Page MenuHomeSoftware Heritage

Add archival of bug tracker databases as well as an unofficial bug tracker per-project
Closed, MigratedEdits Locked

Description

There seems to be a significant oversight in the need to collect bug reports. The most important information to preserve with software code is its bug history. There are many reasons SW Heritage should collect bug reports:

  • Issues in bug databases are not generally part of git (apart from a recent innovation). They are fragile. Bug reports are a burden to create but easy to lose or destroy.
  • Sometimes bug databases are sabotaged. Sometimes a forge attacks a project and wipes it out, including the bug reports. This happened recently on a Codeberg project. Or a forge could simly shut its doors and go offline spontaneously without notice.
  • Sometimes bug db's are lost in migrations from one forge to another.
  • Some forges restrict access to bug trackers. In the case of gitlab.com, the bug reports are *more* restricted than the software. That is, Tor users are blocked from even reading bug reports.

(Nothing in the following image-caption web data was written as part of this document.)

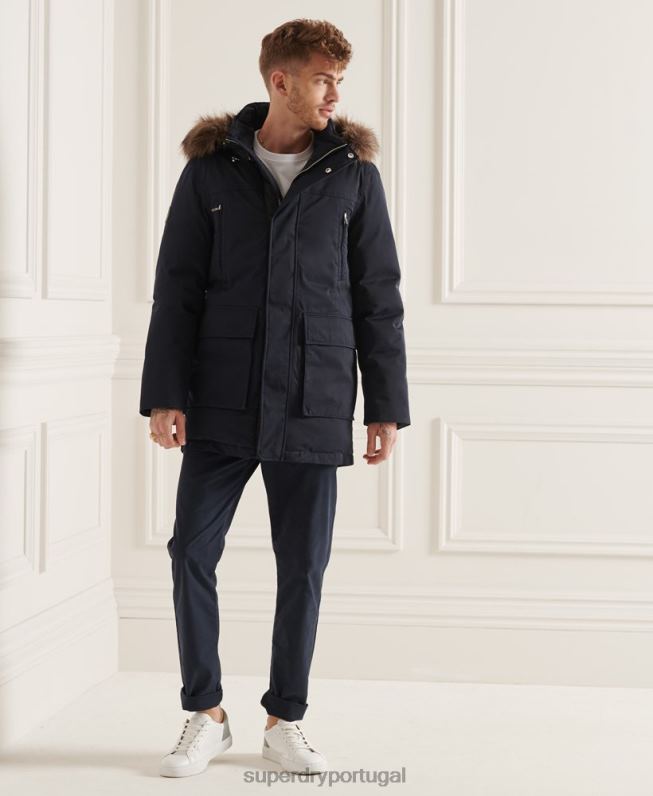 casaco everest down parka studios homens marinha roupas Superdry 2208H4578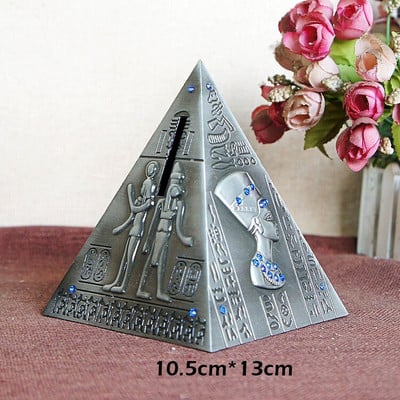 Lydinio Egipto piramidė Piggy Bank suvenyrų pastato kopija Namų dekoro papuošalai Papuošalai Kūrybiniai senoviniai laikrodžiai pinigų dėžutės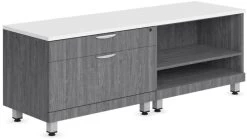 Encore Storage Cabinet And Bookshelf Credenza - Newport Grey Base And White Top With Silver Riser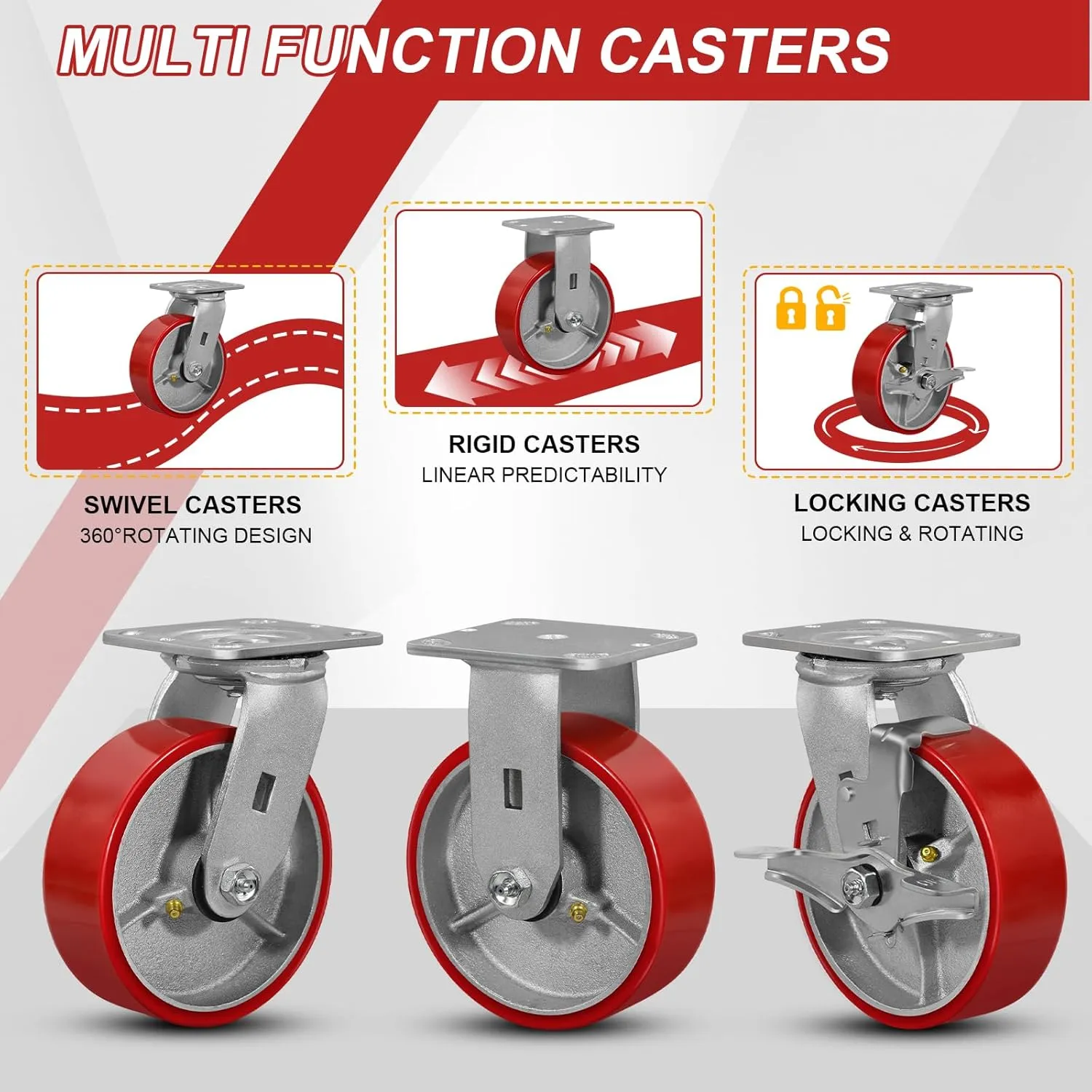 6" X 2" Caster Wheels, Heavy Duty Caster, Polyurethane Wheels/with Roller Bearing, Steel Hub, Capacity up to 1200LBS, Use for Platform Truck, U-Boat Cart,Workbenches(1 Swivel)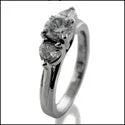 3 Stone 1 Round C art Shape Cubic Zirconia Cz Ring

As a separate matter, I suggest a step further. Not only to archive bug reports but to create a mechanism for people to submit new original reports. This is important because in some situations people are unwilling or unable to use the official bug tracker, so bug reports are consequently being suppressed by bug discoverers. Also because in some situations a developer might suppress a bug report, such as when someone discovers a deliberate tracker in the code that benefits the creator but works against the users.

Event Timeline

embed the bugs within git

A possible approach would be to harvest the bugs from the official bug tracker and embed them in git. The tool for embedding the bug reports in git already exists. I've not used the tool, but I see that there are bridges to facilitate bug report harvesting. The advantage is that it avoids the effort of updating the SWH GUI.

use an intern

This could be a good project for an intern so someone might want to add it here.

vlorentz triaged this task as Wishlist priority.Apr 12 2021, 11:31 AM
vlorentz added a subscriber: vlorentz.

Hi, thanks for the suggestion.

We agree bugs are a very important part of software projects and deserve archiving, for the reasons you citing and more.

However, this would require considerable work that isn't part of the (current) mission of Software Heritage, and definitely isn't something an intern could do in a few months.

About git-bug: as it stores all the data in git, we automatically archive its data like any other git object, so projects just need to mirror their bug tracker in a git repository if they want it to be archived.

However, this would require considerable work

The code has been written. The only thing for SWH to do is run git bug bridge pull [<name>] after the git clone, and schedule that to run periodically. AFAICT, the work is merely installing git-bug and adding a line to a couple scripts. The config calls for login creds so creating an account at each forge may be needed (a task for interns).

The only large undertaking that I suggested was to create a bug tracker that accepts new bug reports from those who can't access the official one. That's a separate feature that can be decided independantly.

that isn't part of the (current) mission of Software Heritage,

Part of the mission states "Software is a precious part of our cultural heritage." There's a lot more culture in the bug reports than in the code.

we automatically archive its data like any other git object,

You are likely doing a git pull on a periodic basis. Just add git bug bridge pull [<name>] next to it.

so projects just need to mirror their bug tracker in a git repository

Being unable to rely on source projects motivation to preserve their own work is why SWH exists. You certainly can't count on every project taking an action of any kind. This is a non-starter.

if they want it to be archived.

I don't believe SWH is serving the original project developers, who all generally have their own copy of their code. SWH serves everyone else, who would like the bug reports preserved regardless of the intent and motivation of the project originators.

You are likely doing a git pull on a periodic basis. Just add git bug bridge pull [<name>] next to it.

The devil is in the details.

First, we don't have local clones of the repositories. We also use Dulwich instead of the main Git implementation for this reason.

Second, our Git loader is incremental: it finds which commits are already loaded in the main storage, and asks the server only for new commits since those commits. It's unclear if this could work with git bug bridge pull.

It's also unclear if git bug bridge pull is even deterministic and has a stable over releases.

Then, even assuming we did have a local clone, the name part in git bug bridge pull [<name>] is also harder than it looks, because our git loader is only aware of Git URLs, it's not aware of the concept of forges. So we would have to change our task model to support it.

Finally, git bug creates its own branches in a repository, which means we are no longer archiving repositories verbatim; we are introducing our own changes to them.

so projects just need to mirror their bug tracker in a git repository

Being unable to rely on source projects motivation to preserve their own work is why SWH exists. You certainly can't count on every project taking an action of any kind. This is a non-starter.

if they want it to be archived.

I don't believe SWH is serving the original project developers, who all generally have their own copy of their code. SWH serves everyone else, who would like the bug reports preserved regardless of the intent and motivation of the project originators.

True, of course. I was merely proposing a workaround.

Another one would be for other project to host git-bug mirrors of all repositories, and we would archive it automatically.